● WORK ORDER
Every entry below should come back unchanged, except that the pictures are dropped.

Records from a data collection
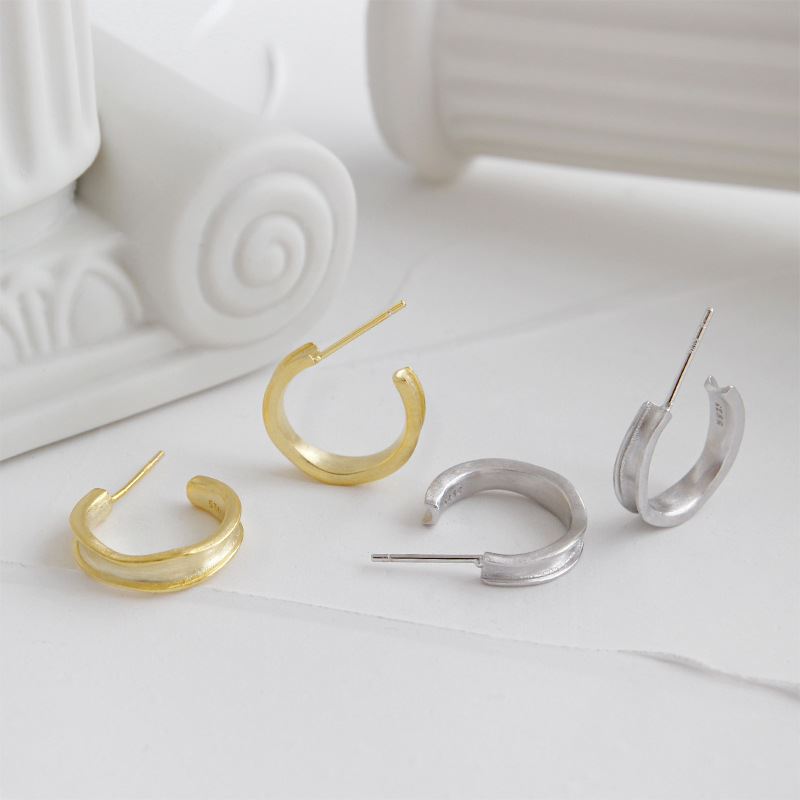 Lovcia Gold Tone C Shape Hoop Earrings 17mm x 4mm S925-Earrings-Yellow Gold-Yellow Gold
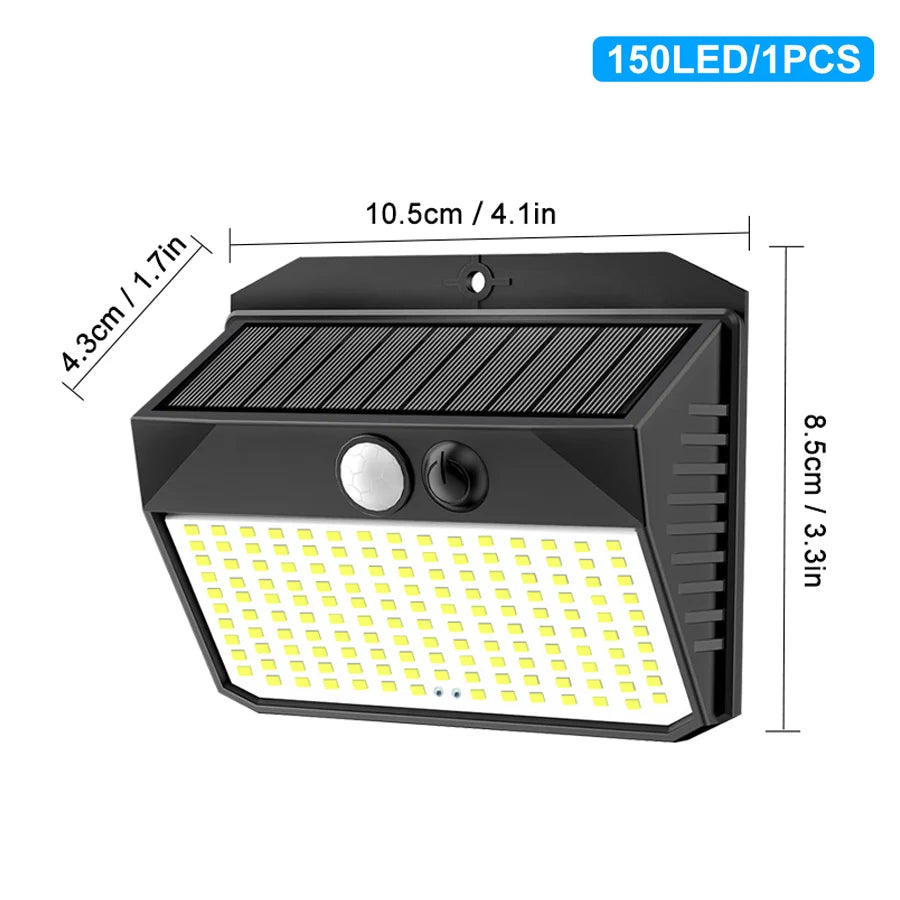 Outdoor Solar Security Wall Light PIR Motion Sensor 3 Modes Waterproof Super Bright LED Lamp for Garden Yard Fence Garage Door Zpaxo 150 LEDS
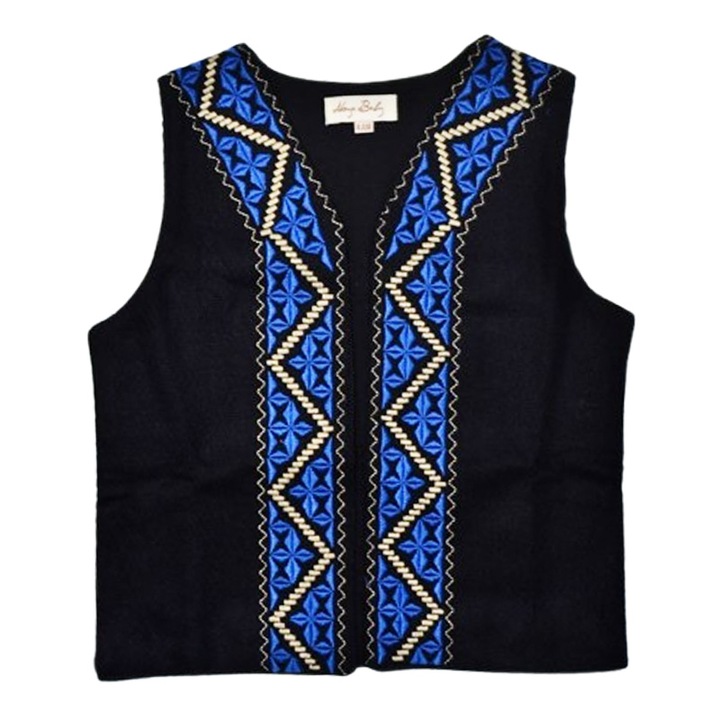 Vesta traditionala, cu motive traditionale, pentru copii, Mini Junior V1411, Negru 12-13 ani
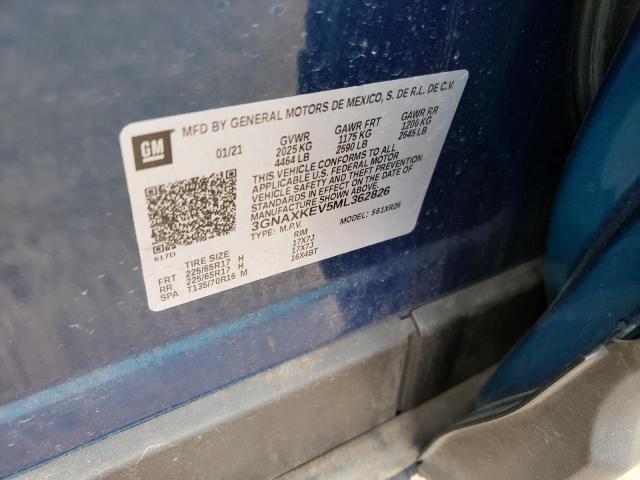 Photo 10 from auction – 2021 CHEVROLET EQUINOX LT with VIN 3GNAXKEV5ML362826
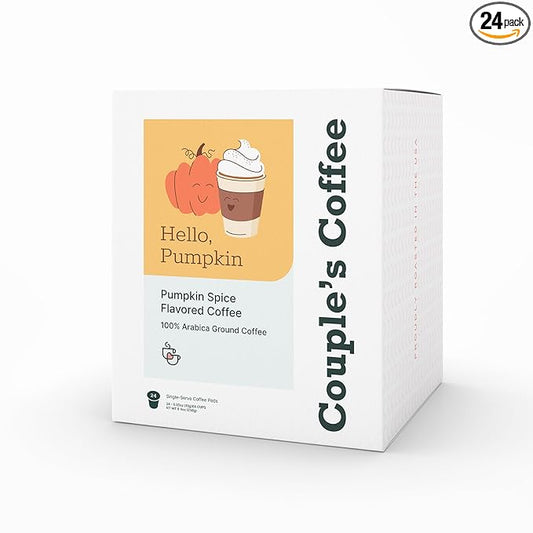 Couple's Coffee Pumpkin Spice K Cups | Hello Pumpkin | Gourmet Pumpkin Spice Ground Coffee | Compatible with K-Cups & Single Serve Brewers | 24 Count
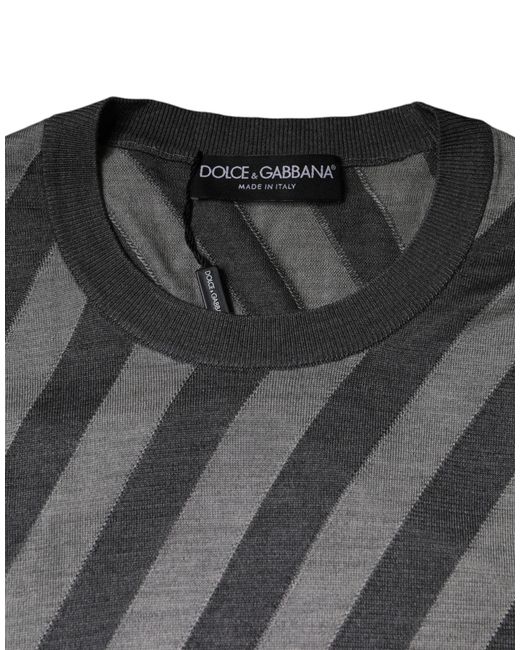 Dolce & Gabbana Gray Stripes Long Sleeve Round Neck Pullover Sweater for men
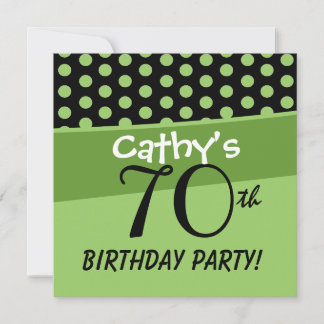 70. Geburtstag Polka Dots D425 Einladung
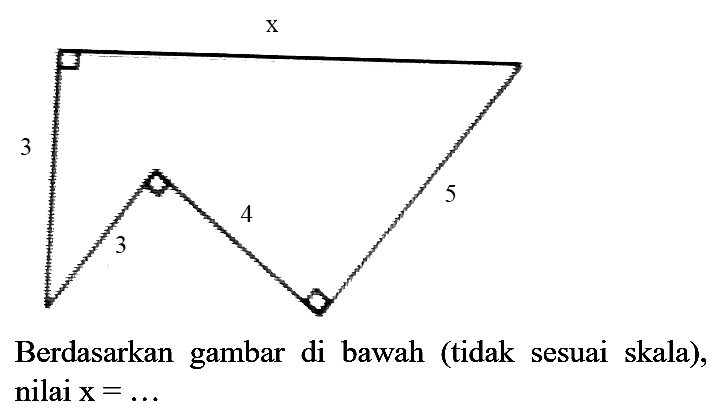 x 3 3 4 5
Berdasarkan gambar di bawah (tidak sesuai skala), nilai  x=... 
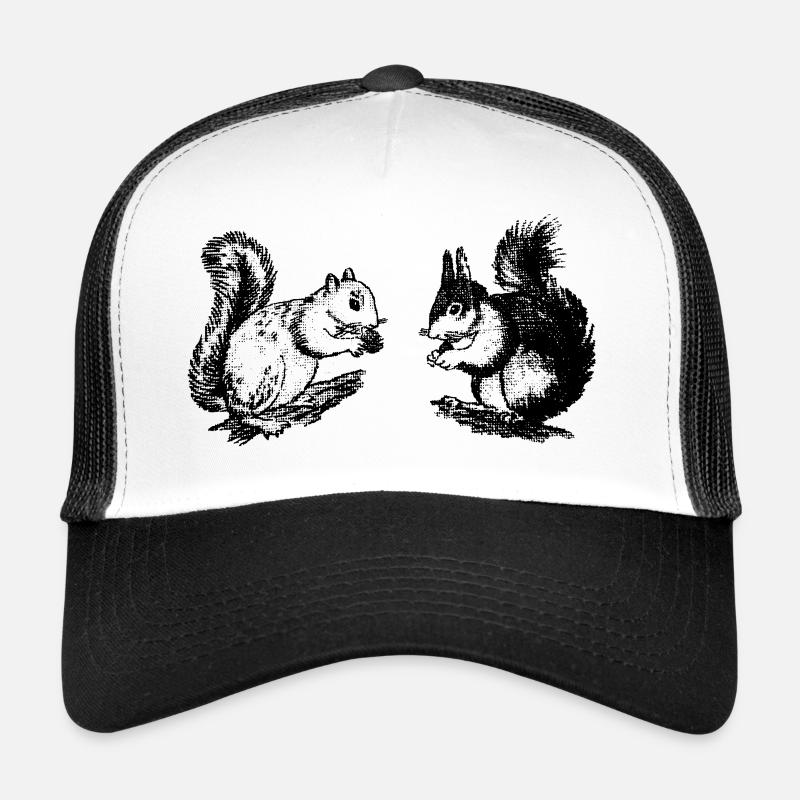 squirrelDUO - Trucker Cap - Weiß/Schwarz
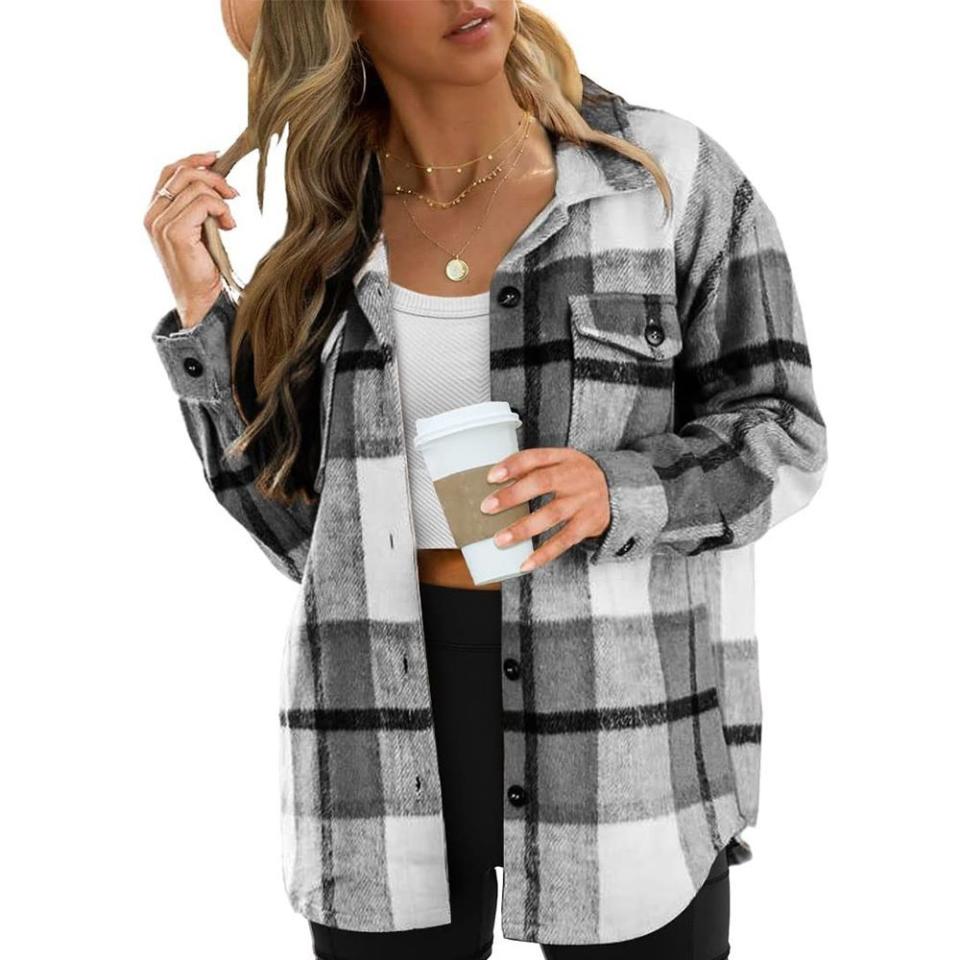 3) Casual Plaid Shacket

● THE COMPLETED TASK
 Lovcia Gold Tone C Shape Hoop Earrings 17mm x 4mm S925-Earrings-Yellow Gold-Yellow Gold
 Outdoor Solar Security Wall Light PIR Motion Sensor 3 Modes Waterproof Super Bright LED Lamp for Garden Yard Fence Garage Door Zpaxo 150 LEDS
 Vesta traditionala, cu motive traditionale, pentru copii, Mini Junior V1411, Negru 12-13 ani
 Photo 10 from auction – 2021 CHEVROLET EQUINOX LT with VIN 3GNAXKEV5ML362826
 Couple's Coffee Pumpkin Spice K Cups | Hello Pumpkin | Gourmet Pumpkin Spice Ground Coffee | Compatible with K-Cups & Single Serve Brewers | 24 Count
 Dolce & Gabbana Gray Stripes Long Sleeve Round Neck Pullover Sweater for men
 70. Geburtstag Polka Dots D425 Einladung
 x 3 3 4 5
Berdasarkan gambar di bawah (tidak sesuai skala), nilai  x=... 
 squirrelDUO - Trucker Cap - Weiß/Schwarz
 3) Casual Plaid Shacket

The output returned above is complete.